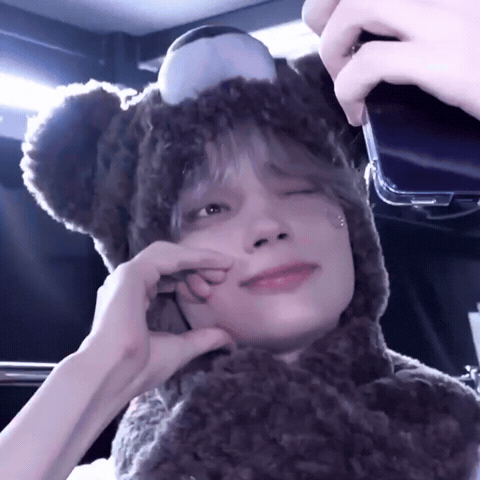 Wink Bear GIF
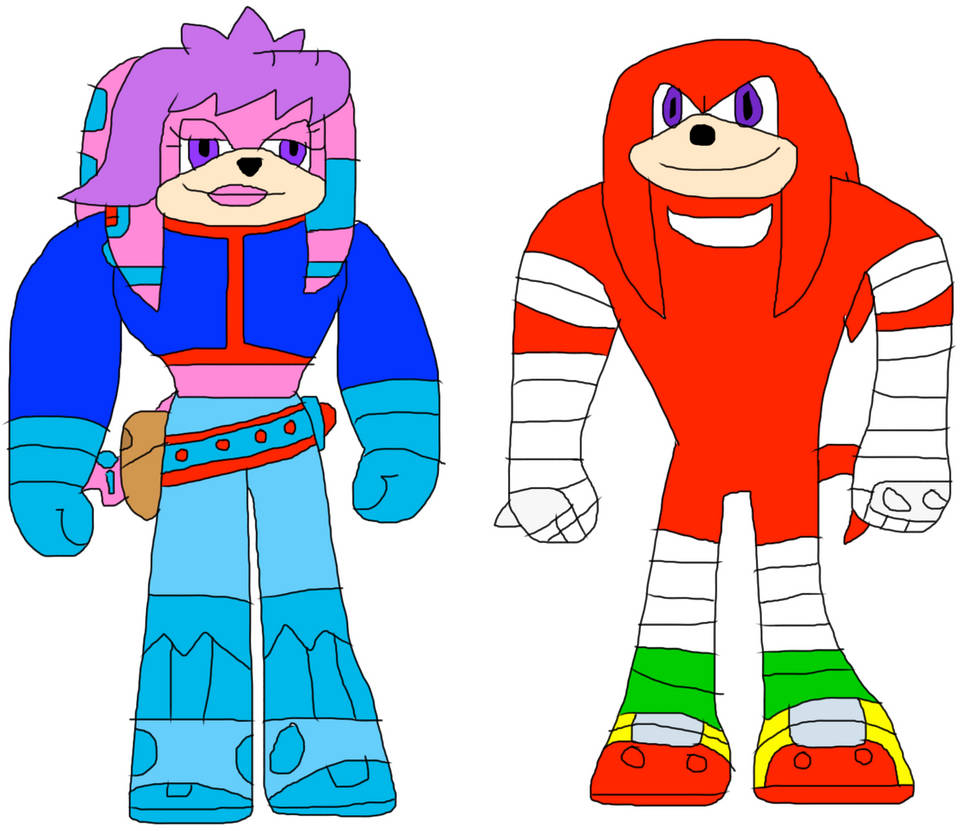 Earth Knuckles Ex-Earth Knuckles and Julie-Su by jacobyel on DeviantArt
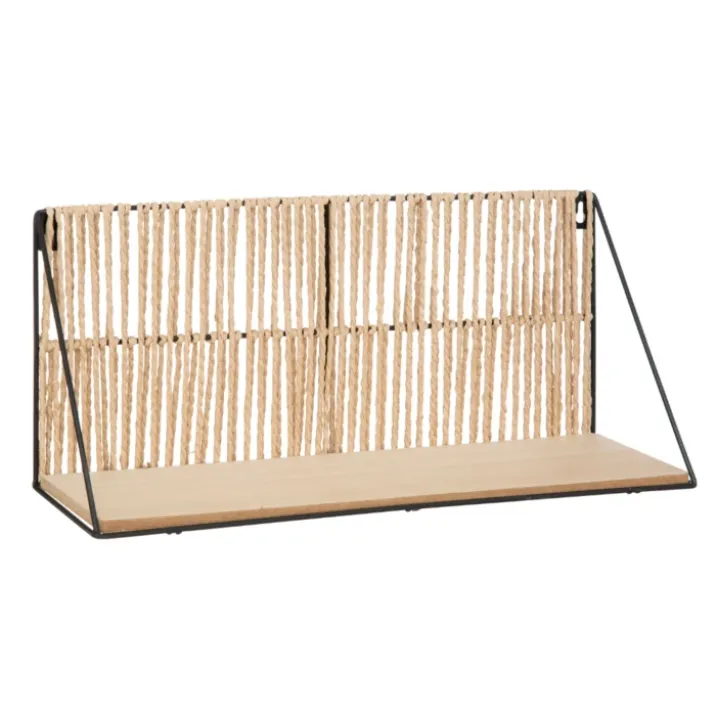 Etagère corde et métal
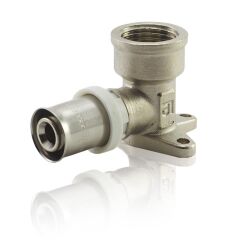 Колено монтажное металлопластиковое пресс FADO 16х1/2 ВР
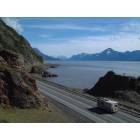 Anchorage: : HIGHWAY AND RAILROAD ALONG TURNAGAIN ARM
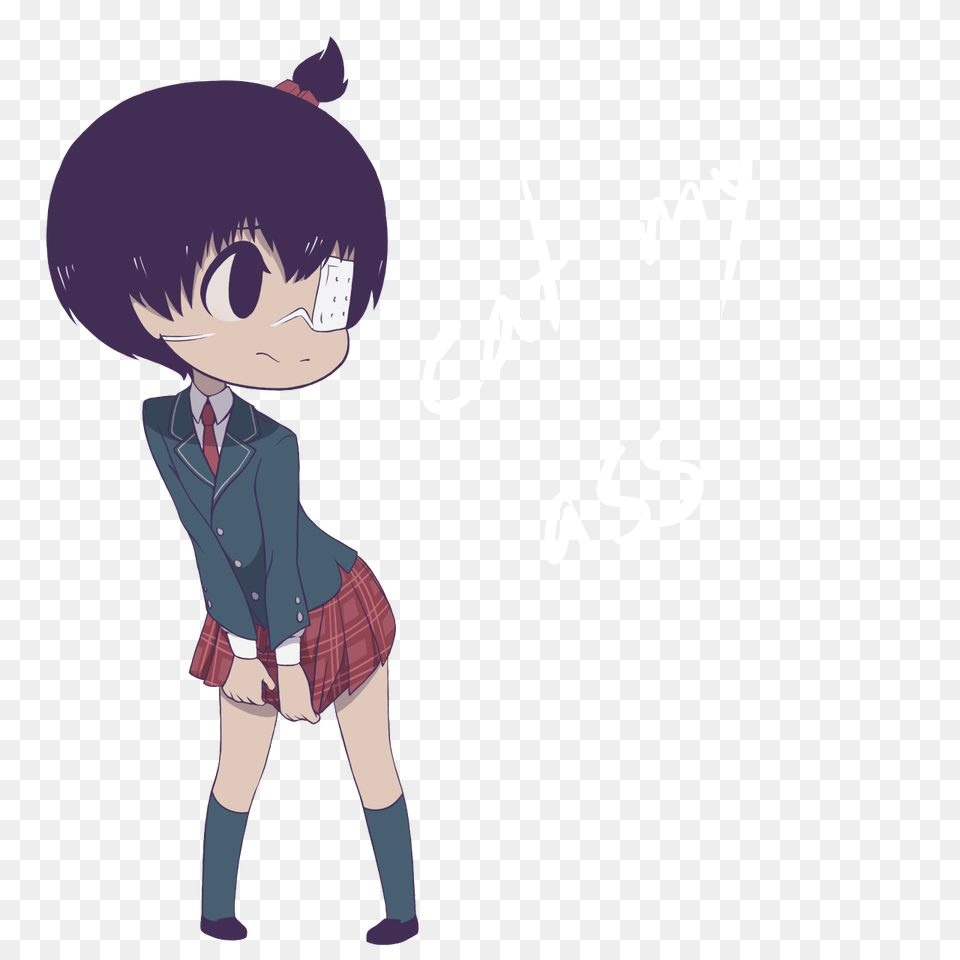 Bury Me In Tokyo Ghoul Cafeghoul Kaneki Bb In A Skirt, Person, Anime, Face, Head Png Image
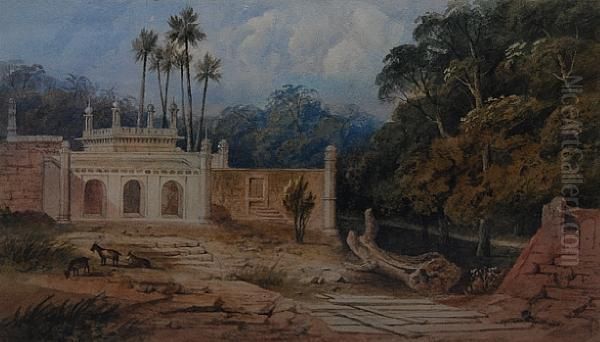 Adurga Or Muhumedan Burial Place At Hadjipounear Patna, East Indies - view 1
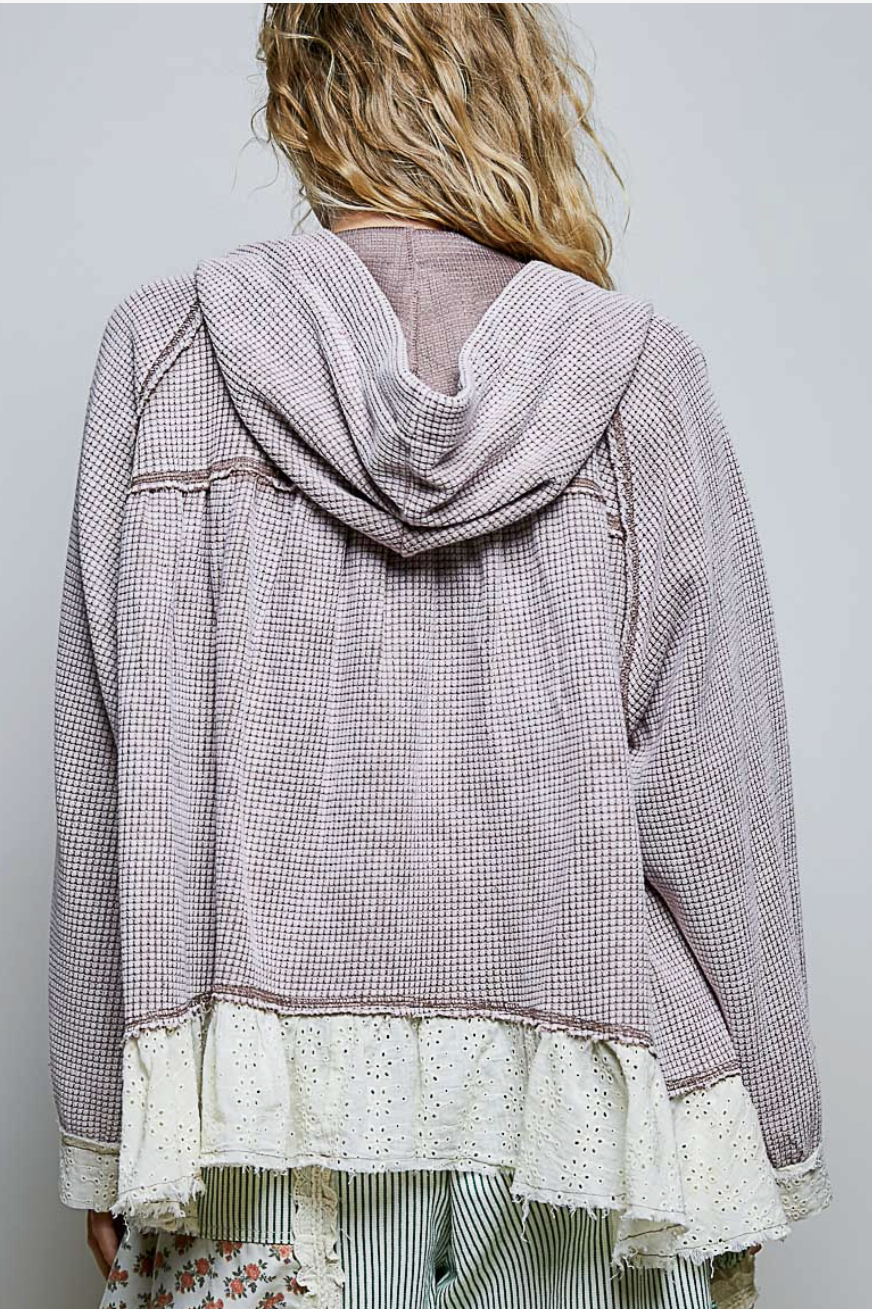 Vintage Wash Thermal Hoodie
━━━━━━━━━━━━━━━━━━━━━━━━━━━━━━
Copy out all the records exactly as they read, and omit the pictures.

Solution to this task:
 Wink Bear GIF
 Earth Knuckles Ex-Earth Knuckles and Julie-Su by jacobyel on DeviantArt
 Etagère corde et métal
 Колено монтажное металлопластиковое пресс FADO 16х1/2 ВР
 Anchorage: : HIGHWAY AND RAILROAD ALONG TURNAGAIN ARM
 Bury Me In Tokyo Ghoul Cafeghoul Kaneki Bb In A Skirt, Person, Anime, Face, Head Png Image
 Adurga Or Muhumedan Burial Place At Hadjipounear Patna, East Indies - view 1
 Vintage Wash Thermal Hoodie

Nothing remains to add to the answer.